[Feature Request] Incremental rollouts

dio-gh commented 3 years ago

Figured this would be the best place to discuss this, to enable it being documented for those that do not visit the Discord server.

Yesterday on Discord the topic of regressions and stable builds came up once again. It's a common occurence and has always been, even before I joined the project years ago.

Current state of affairs:

Currently, the release strategy is what could be best described as YOLO: changes are PR'd in, and if they pass code review (which is frequently lacking/omitted), pass CI (that lacks automated testing), and no users report issues under the PR thread (rare), stuff's merged into master and rolled out immediately to everyone.

It is not surprising then that regressions crop up rather often; so severe sometimes, that the Discord bot has facilities for marking builds as broken to disadvise users who visit #build-updates from updating - and @AniLeo is also notified, to make the website API stop advertising the new build to the updater (or at least, this is how I know).

Commonly advised solution:

The common advice is that the project should switch to holding back releases; namely by separating them into stable and early channels, allowing users to control the experience they'll likely have. This is in line with most desktop software, as well as other emulators, like PCSX2 or Dolphin.

This approach is not without significant pitfalls, however. A common issue with a release strategy like this is overzealously holding back a new stable release. PCSX2 has just managed to fight its way out of this very problem, in fact. Significant changes made "upstream" (on the early channel) can also cause major conflicts. If there's a breakthrough change that either really improves compatibility, performance, UX, or all of these, everyone will probably want to receive that as quickly as possible, users and staff alike. Enabling such exceptions is a major management weight, and the omission of it can result in a significant number of people just automatically relying on early builds, making the whole exercise useless.
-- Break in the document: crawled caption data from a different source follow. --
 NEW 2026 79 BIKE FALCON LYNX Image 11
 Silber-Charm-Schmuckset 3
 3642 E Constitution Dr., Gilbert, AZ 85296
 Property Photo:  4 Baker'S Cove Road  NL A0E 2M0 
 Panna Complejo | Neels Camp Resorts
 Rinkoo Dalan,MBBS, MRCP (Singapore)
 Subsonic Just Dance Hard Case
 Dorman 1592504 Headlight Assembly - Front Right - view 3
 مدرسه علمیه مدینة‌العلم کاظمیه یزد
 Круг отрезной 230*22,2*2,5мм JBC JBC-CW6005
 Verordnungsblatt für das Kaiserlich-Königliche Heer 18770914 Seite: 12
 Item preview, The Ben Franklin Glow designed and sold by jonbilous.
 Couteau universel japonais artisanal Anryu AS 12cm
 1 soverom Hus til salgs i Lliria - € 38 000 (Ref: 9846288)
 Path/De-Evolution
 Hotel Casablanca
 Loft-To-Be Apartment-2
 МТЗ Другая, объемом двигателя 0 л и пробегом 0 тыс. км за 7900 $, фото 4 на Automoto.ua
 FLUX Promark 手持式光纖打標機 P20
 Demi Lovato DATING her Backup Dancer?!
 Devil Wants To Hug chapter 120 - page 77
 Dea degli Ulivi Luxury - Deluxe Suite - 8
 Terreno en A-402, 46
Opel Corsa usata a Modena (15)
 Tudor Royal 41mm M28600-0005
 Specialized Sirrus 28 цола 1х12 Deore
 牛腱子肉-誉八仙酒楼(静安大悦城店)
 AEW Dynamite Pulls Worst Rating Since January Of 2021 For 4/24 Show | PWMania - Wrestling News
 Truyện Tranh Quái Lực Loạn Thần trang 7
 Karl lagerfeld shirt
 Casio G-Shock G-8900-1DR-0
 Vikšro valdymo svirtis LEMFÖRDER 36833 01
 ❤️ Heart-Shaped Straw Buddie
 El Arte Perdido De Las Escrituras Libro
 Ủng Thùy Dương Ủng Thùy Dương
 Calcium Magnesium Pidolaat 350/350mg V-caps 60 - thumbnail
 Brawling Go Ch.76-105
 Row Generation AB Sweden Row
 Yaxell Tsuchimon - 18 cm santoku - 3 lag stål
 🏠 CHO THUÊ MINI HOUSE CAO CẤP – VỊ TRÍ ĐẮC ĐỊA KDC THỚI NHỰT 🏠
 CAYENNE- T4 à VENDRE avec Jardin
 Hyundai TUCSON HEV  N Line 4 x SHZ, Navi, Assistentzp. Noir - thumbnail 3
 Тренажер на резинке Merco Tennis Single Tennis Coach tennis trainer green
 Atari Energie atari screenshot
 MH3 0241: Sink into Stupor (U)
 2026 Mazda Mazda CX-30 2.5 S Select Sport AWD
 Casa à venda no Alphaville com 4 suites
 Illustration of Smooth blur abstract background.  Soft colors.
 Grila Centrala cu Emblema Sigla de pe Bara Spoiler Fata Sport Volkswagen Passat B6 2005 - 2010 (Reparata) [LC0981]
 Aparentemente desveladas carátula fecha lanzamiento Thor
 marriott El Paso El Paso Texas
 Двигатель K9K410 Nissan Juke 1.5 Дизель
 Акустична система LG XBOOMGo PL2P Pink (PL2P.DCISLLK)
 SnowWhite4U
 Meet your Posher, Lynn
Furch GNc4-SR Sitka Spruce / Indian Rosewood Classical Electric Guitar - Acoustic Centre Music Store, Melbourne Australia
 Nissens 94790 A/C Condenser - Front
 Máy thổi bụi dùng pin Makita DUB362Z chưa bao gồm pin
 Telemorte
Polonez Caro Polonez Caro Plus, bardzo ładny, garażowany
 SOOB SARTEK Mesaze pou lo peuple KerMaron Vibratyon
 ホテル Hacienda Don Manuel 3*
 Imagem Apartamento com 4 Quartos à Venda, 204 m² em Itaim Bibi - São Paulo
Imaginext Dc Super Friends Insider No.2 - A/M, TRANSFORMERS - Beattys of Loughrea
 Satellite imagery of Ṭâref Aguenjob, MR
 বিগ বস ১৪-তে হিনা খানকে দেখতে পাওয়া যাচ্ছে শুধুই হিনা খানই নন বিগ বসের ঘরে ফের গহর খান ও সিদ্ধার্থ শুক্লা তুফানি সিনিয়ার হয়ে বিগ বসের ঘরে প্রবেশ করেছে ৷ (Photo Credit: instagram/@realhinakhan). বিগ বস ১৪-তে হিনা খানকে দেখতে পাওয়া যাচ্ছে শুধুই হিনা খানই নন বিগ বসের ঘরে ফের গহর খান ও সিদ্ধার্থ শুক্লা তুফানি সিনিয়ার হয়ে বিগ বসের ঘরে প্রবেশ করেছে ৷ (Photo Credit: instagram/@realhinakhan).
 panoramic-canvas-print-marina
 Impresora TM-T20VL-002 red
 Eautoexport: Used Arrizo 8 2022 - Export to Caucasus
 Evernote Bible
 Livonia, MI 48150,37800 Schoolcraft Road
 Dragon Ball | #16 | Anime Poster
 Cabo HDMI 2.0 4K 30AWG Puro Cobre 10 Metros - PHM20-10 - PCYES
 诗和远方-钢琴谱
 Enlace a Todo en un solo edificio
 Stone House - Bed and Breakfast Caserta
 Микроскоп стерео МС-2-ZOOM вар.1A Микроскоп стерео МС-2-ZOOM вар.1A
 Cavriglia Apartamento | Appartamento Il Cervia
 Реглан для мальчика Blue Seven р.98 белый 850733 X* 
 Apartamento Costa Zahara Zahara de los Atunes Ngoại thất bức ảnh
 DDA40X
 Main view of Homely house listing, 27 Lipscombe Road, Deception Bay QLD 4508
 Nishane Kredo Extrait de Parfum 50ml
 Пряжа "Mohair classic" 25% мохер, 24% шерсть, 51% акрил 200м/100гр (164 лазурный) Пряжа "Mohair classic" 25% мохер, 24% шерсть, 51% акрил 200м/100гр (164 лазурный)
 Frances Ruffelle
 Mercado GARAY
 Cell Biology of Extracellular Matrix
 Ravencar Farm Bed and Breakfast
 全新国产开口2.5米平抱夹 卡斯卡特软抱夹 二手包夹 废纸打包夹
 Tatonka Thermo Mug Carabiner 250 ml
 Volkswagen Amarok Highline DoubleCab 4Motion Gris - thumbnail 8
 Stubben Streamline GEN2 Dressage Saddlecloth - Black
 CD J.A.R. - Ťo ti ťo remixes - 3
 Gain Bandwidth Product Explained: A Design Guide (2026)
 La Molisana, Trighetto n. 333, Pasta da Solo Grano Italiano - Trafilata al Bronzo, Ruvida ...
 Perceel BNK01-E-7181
Another, perhaps even more significant, pitfall however is a rather obvious one: in order to be able to separate changes like this, one has to determine if the proposed stable build is actually stable. Frankly, this is not possible. We have a grand total of zero automated tests (which could change ofc), and a game library of several thousand titles (which won't, however). This is only compensated by the time the to-be-merged-to-stable changes would spend on early, and the number of people testing that - but this implies having to maintain a time difference that allows for that, and also actually fixing the issues that come up in that period, in a timely fashion no less, to avoid the situation laid out in the previous paragraph.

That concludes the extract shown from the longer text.